_What needs to be done_
Go to the line containing "Leopard Pattern on Hide Snap Closure Wallet" in the records below and print it and every following line exactly, on through the line containing "Old East Dallas", then stop.

_Working data_
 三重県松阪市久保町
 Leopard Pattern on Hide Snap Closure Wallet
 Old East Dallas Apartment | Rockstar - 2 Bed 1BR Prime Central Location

---

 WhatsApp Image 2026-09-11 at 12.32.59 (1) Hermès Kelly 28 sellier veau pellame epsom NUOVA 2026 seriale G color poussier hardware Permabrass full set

* * *

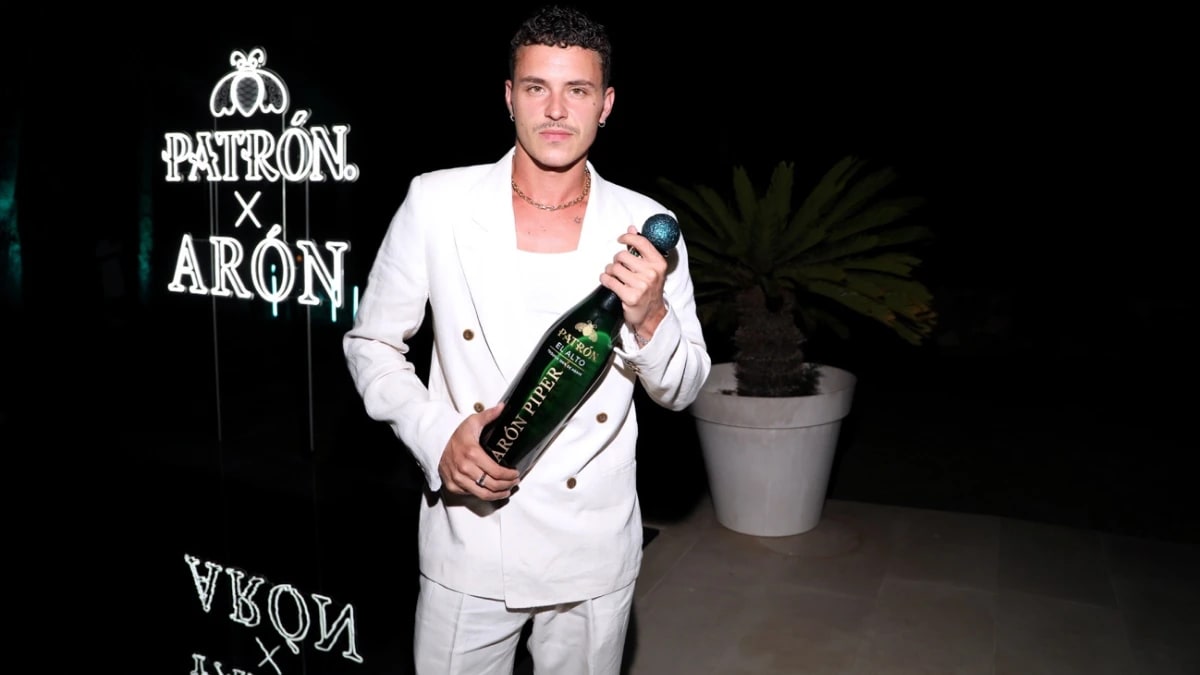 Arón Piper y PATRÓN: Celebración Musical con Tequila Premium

_Exercise answer_
 Leopard Pattern on Hide Snap Closure Wallet
 Old East Dallas Apartment | Rockstar - 2 Bed 1BR Prime Central Location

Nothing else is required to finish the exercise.